Lisa Maria Ellram is the James Evans Rees Distinguished Professor of Supply Chain at the Farmer School of Business.

Early life and education
Ellram grew up in Minnesota and earned her BSB degree in accounting and MBA from the University of Minnesota. She then traveled to Ohio to earn her Master's degree (logistics) and PhD (management) from Ohio State University. While earning her doctorate, she worked for the Pillsbury Company as an accountant.

Career
Upon earning her PhD, Ellram joined the faculty department of purchasing, logistics and operations at Arizona State University's (ASU) W. P. Carey School of Business.
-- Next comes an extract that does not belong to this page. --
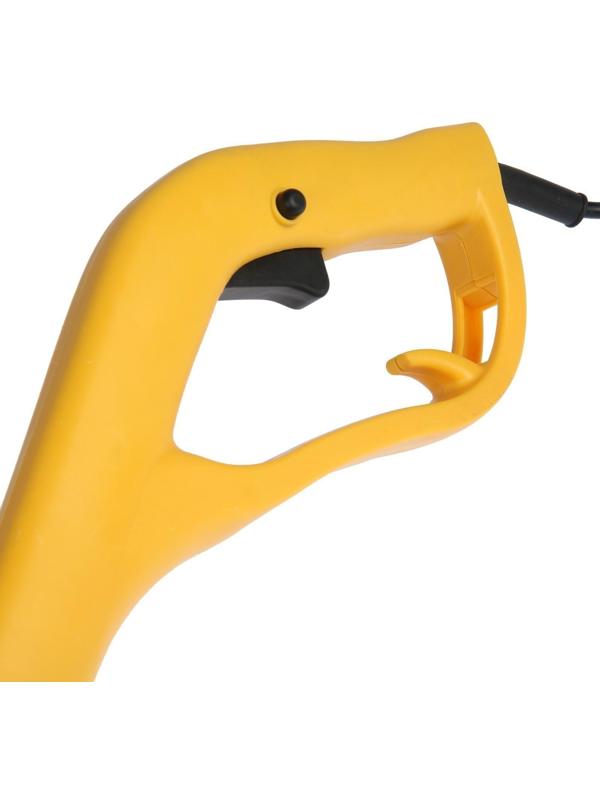 Электротриммер ТУНДРА, разборная штанга, катушка полуавтомат, скос 230 мм, 350 Вт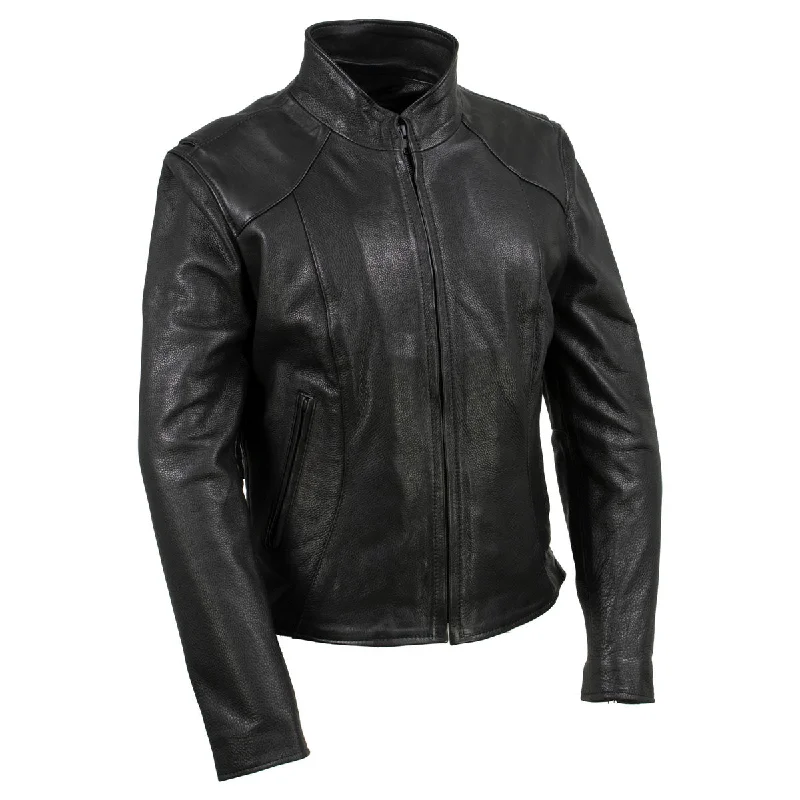 Women's Formal Clothes Milwaukee Leather USA MADE MLJKL5003 Women's Black 'Serene' Clean Cut Premium Motorcycle Leather Jacket Women's Formal Clothes Milwaukee Leather USA MADE MLJKL5003 Women's Black 'Serene' Clean Cut Premium Motorcycle Leather Jacket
During her tenure at ASU, Ellram was recognized as one of 30 "Practitioner Pros to Know" in a list published by Supply & Demand Chain Executive for having  "a deep breadth of knowledge about the industry and are forward-thinking in their approach to the evolving supply chain network." She was also appointed to John and Barbara Bebbling Professor of Business until her departure in 2006, when she left ASU to accept a chair appointment at  Colorado State University's department of management.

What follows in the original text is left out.